(Extracted records)

------------------------------------------------------------

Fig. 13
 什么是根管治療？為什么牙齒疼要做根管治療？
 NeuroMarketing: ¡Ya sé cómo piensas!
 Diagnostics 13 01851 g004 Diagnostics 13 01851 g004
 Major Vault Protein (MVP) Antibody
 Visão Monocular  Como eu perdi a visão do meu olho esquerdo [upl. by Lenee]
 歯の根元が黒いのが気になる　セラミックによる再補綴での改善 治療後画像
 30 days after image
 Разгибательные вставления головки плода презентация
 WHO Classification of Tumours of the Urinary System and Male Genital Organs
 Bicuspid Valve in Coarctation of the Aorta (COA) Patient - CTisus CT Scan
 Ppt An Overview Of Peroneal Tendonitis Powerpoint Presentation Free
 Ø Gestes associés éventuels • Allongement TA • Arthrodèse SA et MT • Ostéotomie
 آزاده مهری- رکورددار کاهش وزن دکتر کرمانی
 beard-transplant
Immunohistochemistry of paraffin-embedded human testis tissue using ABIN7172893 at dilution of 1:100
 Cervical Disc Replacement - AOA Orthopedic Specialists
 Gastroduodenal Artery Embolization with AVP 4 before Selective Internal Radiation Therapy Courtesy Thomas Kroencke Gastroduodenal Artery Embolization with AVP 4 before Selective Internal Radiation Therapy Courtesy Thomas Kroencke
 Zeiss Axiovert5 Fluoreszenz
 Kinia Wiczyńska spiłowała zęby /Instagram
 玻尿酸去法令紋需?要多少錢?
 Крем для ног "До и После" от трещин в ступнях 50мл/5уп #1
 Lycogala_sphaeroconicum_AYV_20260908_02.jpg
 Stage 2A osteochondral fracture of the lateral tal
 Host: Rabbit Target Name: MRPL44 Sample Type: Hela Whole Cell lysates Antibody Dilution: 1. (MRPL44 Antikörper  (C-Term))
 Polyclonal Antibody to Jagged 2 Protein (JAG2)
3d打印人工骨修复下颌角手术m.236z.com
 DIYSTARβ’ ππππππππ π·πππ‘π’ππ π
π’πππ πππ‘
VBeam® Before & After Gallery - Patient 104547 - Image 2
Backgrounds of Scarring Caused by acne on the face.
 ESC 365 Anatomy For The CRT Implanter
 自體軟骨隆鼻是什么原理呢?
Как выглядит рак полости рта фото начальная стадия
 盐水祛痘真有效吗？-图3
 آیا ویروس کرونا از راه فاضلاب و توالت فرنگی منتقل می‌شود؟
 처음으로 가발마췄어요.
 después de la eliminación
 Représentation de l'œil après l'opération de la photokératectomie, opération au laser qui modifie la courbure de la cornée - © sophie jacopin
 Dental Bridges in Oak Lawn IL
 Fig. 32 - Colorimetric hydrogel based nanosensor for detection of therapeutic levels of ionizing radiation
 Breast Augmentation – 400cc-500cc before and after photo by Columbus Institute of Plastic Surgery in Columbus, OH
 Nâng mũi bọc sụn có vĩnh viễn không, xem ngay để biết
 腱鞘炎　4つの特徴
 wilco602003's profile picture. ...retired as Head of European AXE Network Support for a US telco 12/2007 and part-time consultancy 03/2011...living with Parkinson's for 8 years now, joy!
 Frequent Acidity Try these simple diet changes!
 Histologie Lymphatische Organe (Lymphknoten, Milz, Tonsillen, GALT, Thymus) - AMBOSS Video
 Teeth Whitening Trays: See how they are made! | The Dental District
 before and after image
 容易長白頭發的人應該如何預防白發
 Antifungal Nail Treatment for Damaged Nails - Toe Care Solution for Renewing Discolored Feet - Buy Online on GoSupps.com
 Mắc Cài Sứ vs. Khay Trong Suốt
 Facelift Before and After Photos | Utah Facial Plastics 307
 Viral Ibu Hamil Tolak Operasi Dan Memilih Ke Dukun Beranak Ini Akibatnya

------------------------------------------------------------

About this exercise:
Write out exactly the lines above between the line with "Bicuspid Valve in" and the line with "después de la eliminación", inclusive, and nothing beyond them.

Answer to the exercise:
 Bicuspid Valve in Coarctation of the Aorta (COA) Patient - CTisus CT Scan
 Ppt An Overview Of Peroneal Tendonitis Powerpoint Presentation Free
 Ø Gestes associés éventuels • Allongement TA • Arthrodèse SA et MT • Ostéotomie
 آزاده مهری- رکورددار کاهش وزن دکتر کرمانی
 beard-transplant
Immunohistochemistry of paraffin-embedded human testis tissue using ABIN7172893 at dilution of 1:100
 Cervical Disc Replacement - AOA Orthopedic Specialists
 Gastroduodenal Artery Embolization with AVP 4 before Selective Internal Radiation Therapy Courtesy Thomas Kroencke Gastroduodenal Artery Embolization with AVP 4 before Selective Internal Radiation Therapy Courtesy Thomas Kroencke
 Zeiss Axiovert5 Fluoreszenz
 Kinia Wiczyńska spiłowała zęby /Instagram
 玻尿酸去法令紋需?要多少錢?
 Крем для ног "До и После" от трещин в ступнях 50мл/5уп #1
 Lycogala_sphaeroconicum_AYV_20260908_02.jpg
 Stage 2A osteochondral fracture of the lateral tal
 Host: Rabbit Target Name: MRPL44 Sample Type: Hela Whole Cell lysates Antibody Dilution: 1. (MRPL44 Antikörper  (C-Term))
 Polyclonal Antibody to Jagged 2 Protein (JAG2)
3d打印人工骨修复下颌角手术m.236z.com
 DIYSTARβ’ ππππππππ π·πππ‘π’ππ π
π’πππ πππ‘
VBeam® Before & After Gallery - Patient 104547 - Image 2
Backgrounds of Scarring Caused by acne on the face.
 ESC 365 Anatomy For The CRT Implanter
 自體軟骨隆鼻是什么原理呢?
Как выглядит рак полости рта фото начальная стадия
 盐水祛痘真有效吗？-图3
 آیا ویروس کرونا از راه فاضلاب و توالت فرنگی منتقل می‌شود؟
 처음으로 가발마췄어요.
 después de la eliminación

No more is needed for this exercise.